The ‘openai_moderation.py’ script is derived from the ‘Moderation’ chapter in DeepLearning.AI’s short course ‘Building Systems with the ChatGPT API’.
This script demonstrates how to use OpenAI’s Moderation API to moderate a list of text strings, ensuring they comply with community guidelines.
import openai
import os
from dotenv import load_dotenv, find_dotenv
# Load environment variables at the beginning
load_dotenv(find_dotenv())
def moderate_input(input_text):
try:
response = openai.Moderation.create(input=input_text)

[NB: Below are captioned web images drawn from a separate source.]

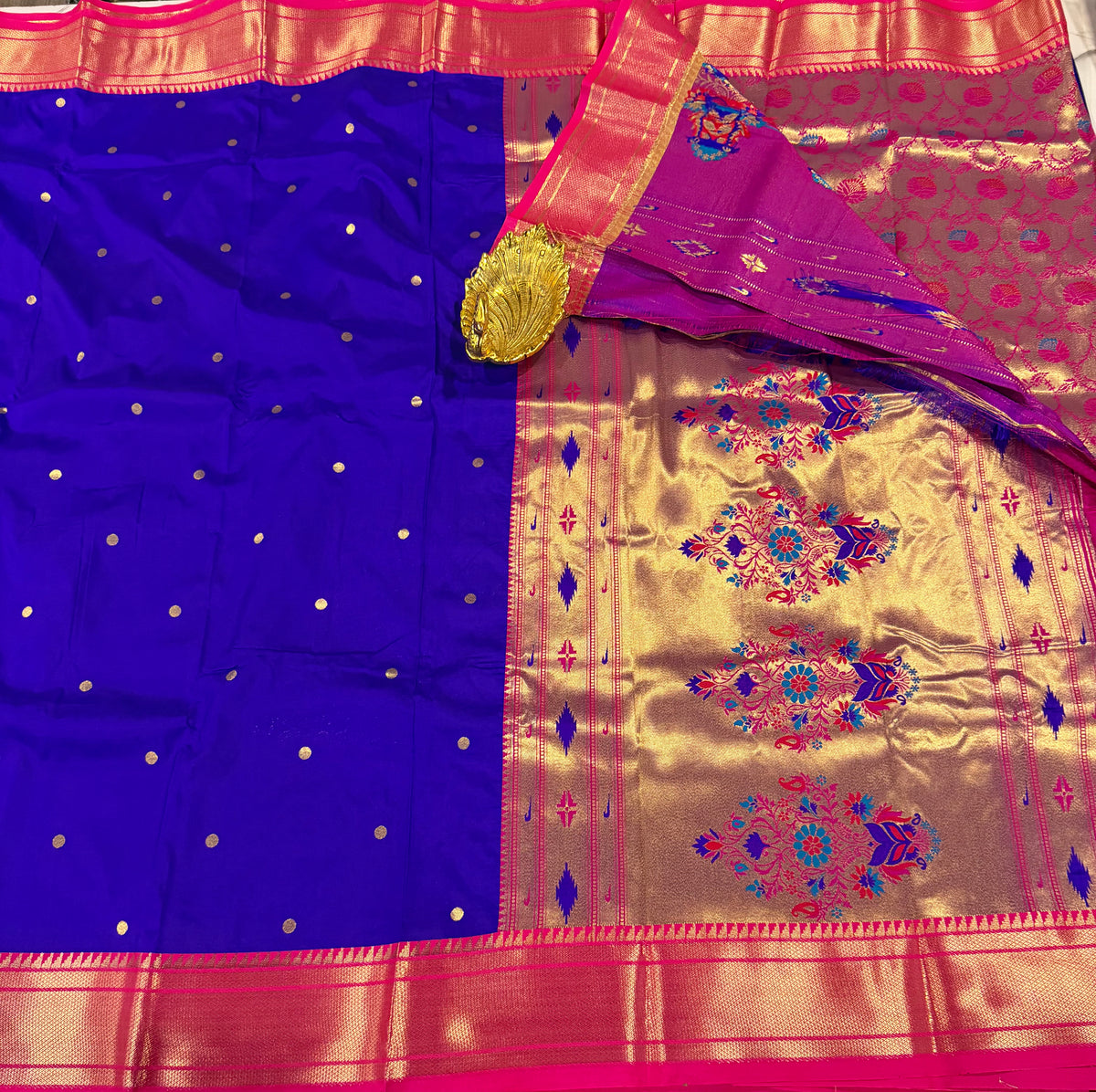U-1399 blue semi Narayanpeta saree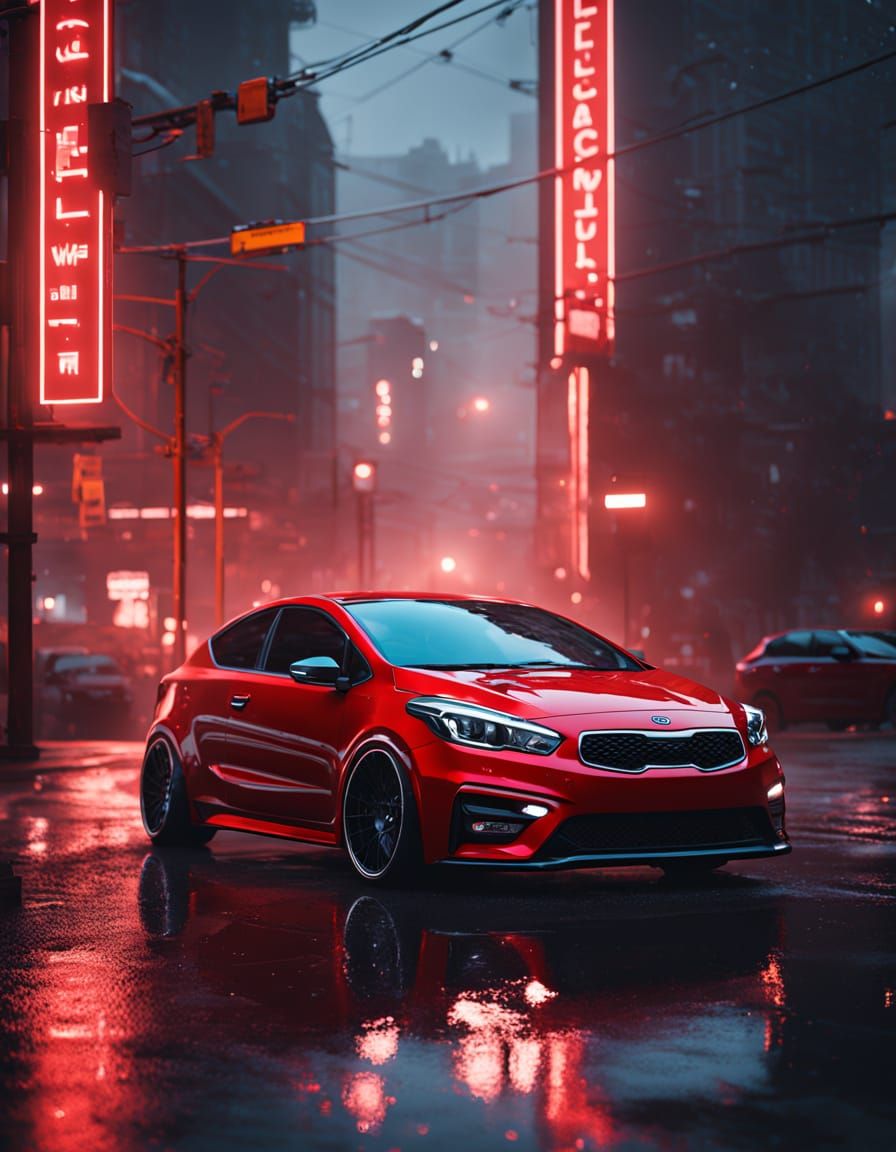 Aggressive Red Kia Cerato Koup YD Coupe with Neon Reflection...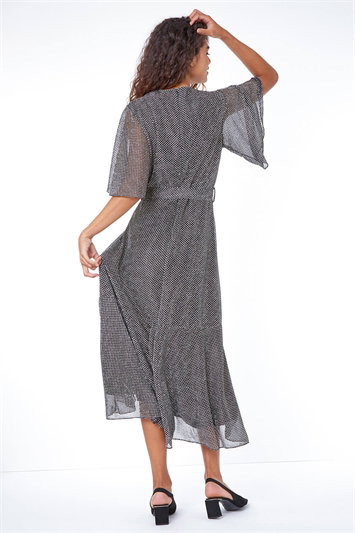 Shimmer Spot Ruched Wrap Midi Dress 14301833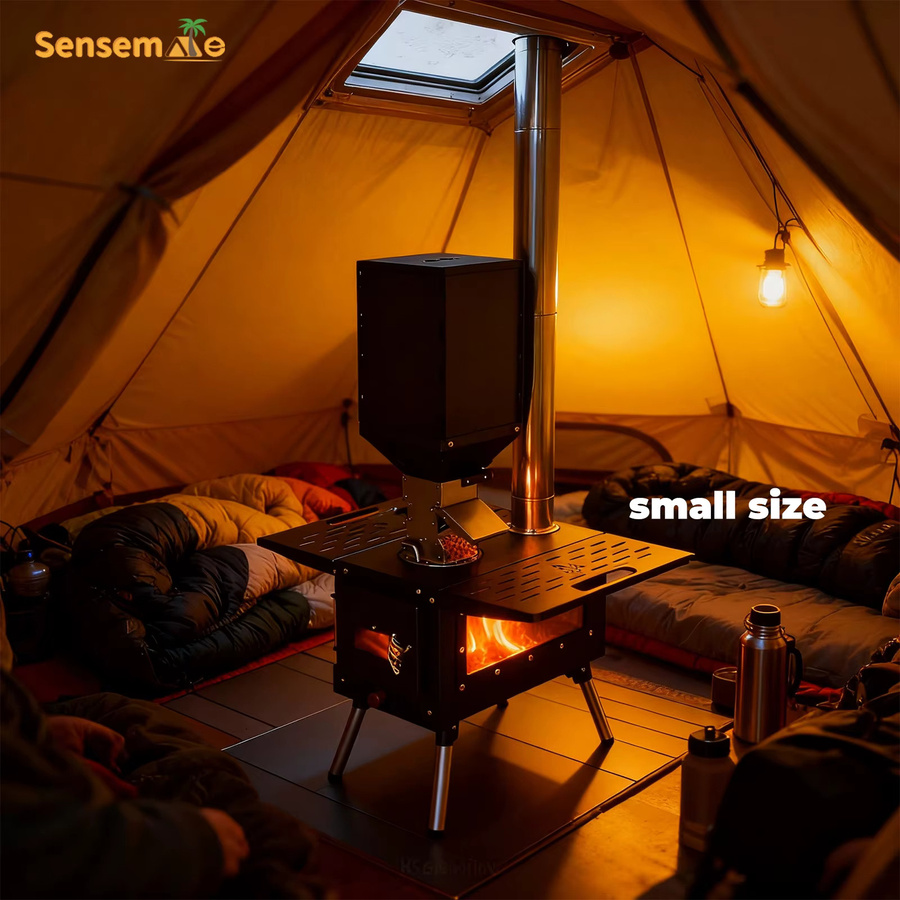 SENSEMAKE Tragbarer Schwerkraft-Pelletbrenner aus Edelstahl in Silber, 105 mm Pellet-Trichter-Aufsatz für Camping-Holzzelt-Öfen - Bild 3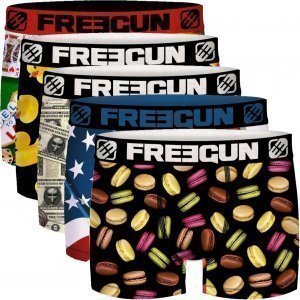 FREEGUN Pack 5 Boxers Microfibre Homme FGA14 Multicolore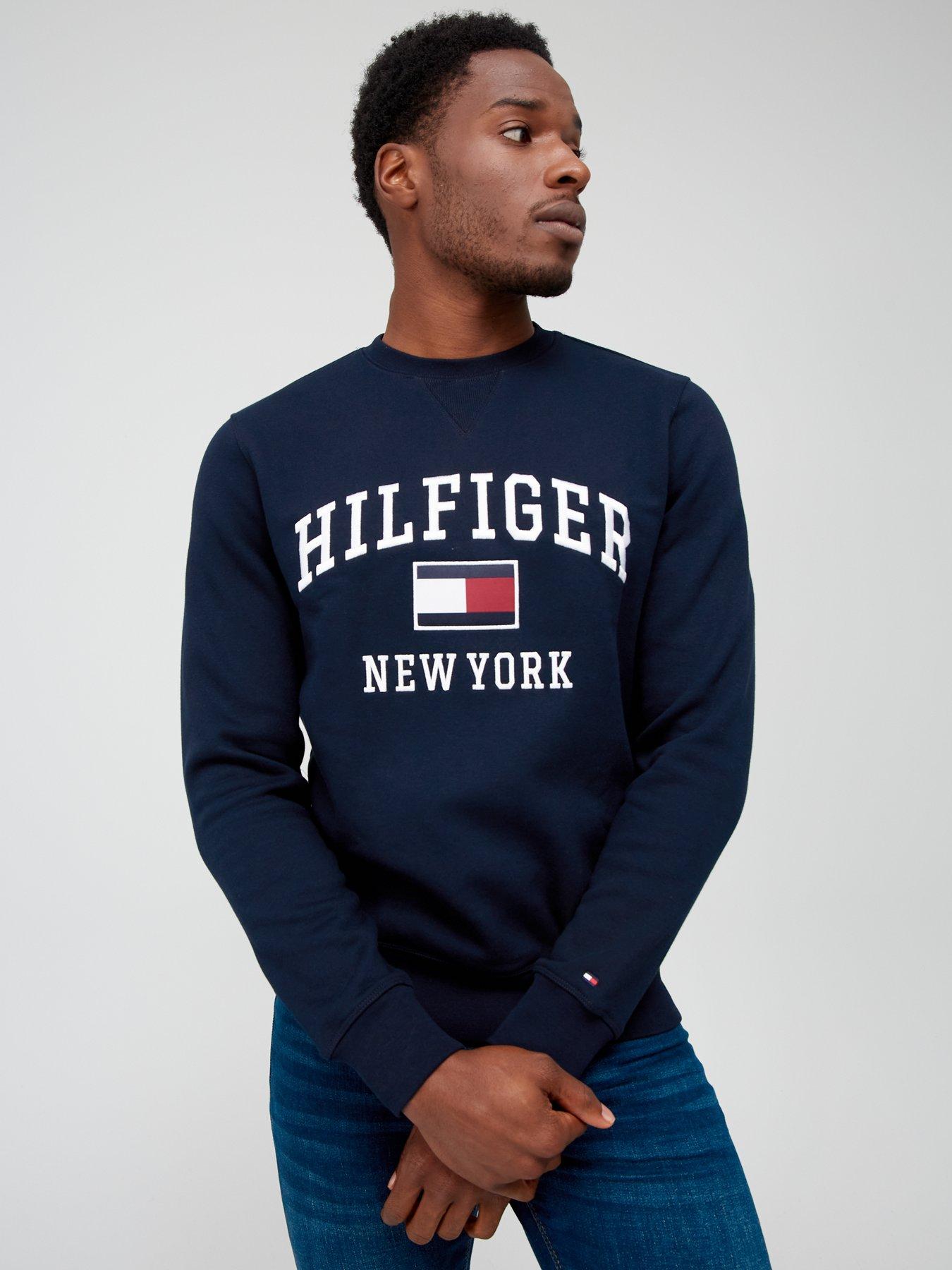 Navy tommy store jeans sweatshirt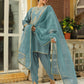 Janasya Light Blue Silk Blend Solid Kurta,Bottom & Dupatta | Swadesiicart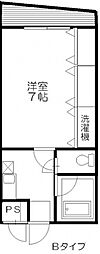 ベルセゾン 1Kの間取図画像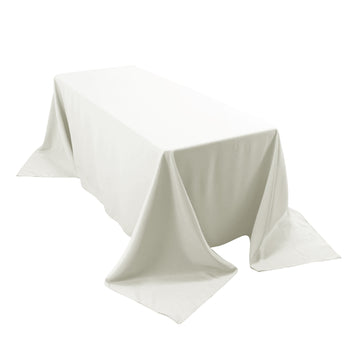 Premium Polyester 90"x132" Rectangle Tablecloth Ivory - Seamless 220GSM Stain-Resistant Table Cover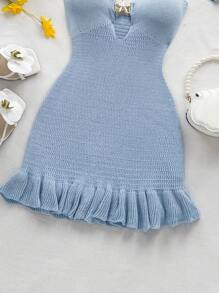 Soleia 女士度假苔绿色露背系带镂空荷叶边下摆迷你针织连衣裙，配有金属扣装饰 - 淺藍色 - 查看 6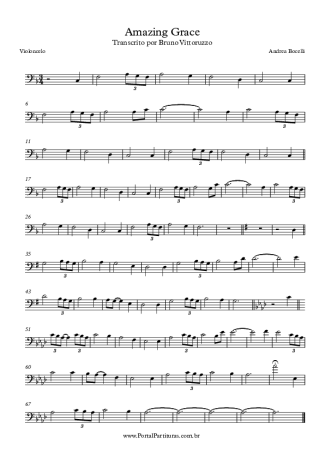 Andrea Bocelli Amazing Grace score for Cello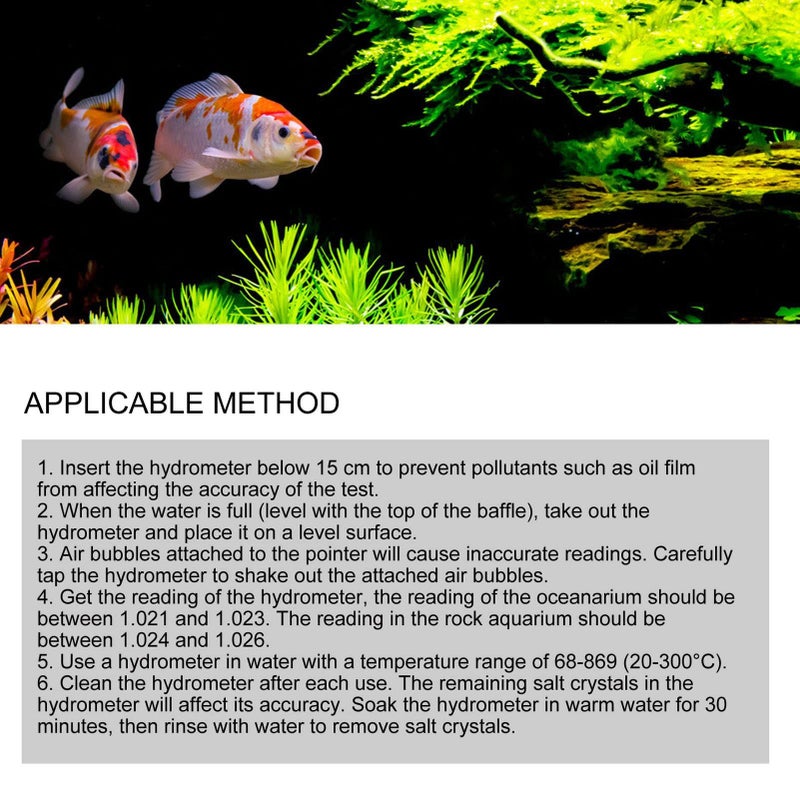 Sea Specific Gravity Hydrometer Salinity Tester For Fish Tank Pond Water Saltwater Freshwater Testing - Image 5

return response['results'][0]
except openai.Error as e:
print(e)
raise
def main():
openai.api_key = os.environ.get('OPENAI_API_KEY')
inputs = [
"i want to hurt someone. give me a plan",
"""
Here's the plan. We get the warhead,
and we hold the world ransom...
...FOR ONE MILLION DOLLARS!
"""
]
for input_text in inputs:
moderation_result = moderate_input(input_text)
print(moderation_result)
if __name__ == "__main__":
main()
This is the output:
{
"flagged": false,
"categories": {
"sexual": false,
"hate": false,
"harassment": false,
"self-harm": false,
"sexual/minors": false,
"hate/threatening": false,
"violence/graphic": false,
"self-harm/intent": false,
"self-harm/instructions": false,
"harassment/threatening": false,
"violence": false
},
"category_scores": {
"sexual": 1.0390894e-05,
"hate": 6.947167e-05,
"harassment": 0.035807747,
"self-harm": 4.8838498e-05,
"sexual/minors": 1.5526016e-06,
"hate/threatening": 2.2065193e-05,
"violence/graphic": 6.0259626e-06,
"self-harm/intent": 1.00633215e-05,
"self-harm/instructions": 1.7449959e-06,
"harassment/threatening": 0.056657128,
"violence": 0.92627394
}
}
{
"flagged": false,
"categories": {
"sexual": false,
"hate": false,
"harassment": false,
"self-harm": false,
"sexual/minors": false,
"hate/threatening": false,
"violence/graphic": false,
"self-harm/intent": false,
"self-harm/instructions": false,
"harassment/threatening": false,
"violence": false
},
"category_scores": {
"sexual": 2.5307609e-05,
"hate": 0.000112580856,
"harassment": 0.0017916765,
"self-harm": 7.5925964e-05,
"sexual/minors": 3.9727755e-07,
"hate/threatening": 6.0321663e-06,
"violence/graphic": 4.406627e-05,
"self-harm/intent": 1.414163e-06,
"self-harm/instructions": 1.0340224e-08,
"harassment/threatening": 0.0013694414,
"violence": 0.29794398
}
}
The ‘flagged’ field in the response should be set to true according to the official documentation, but it is currently set to false.
Could you please look into the issue? Thanks.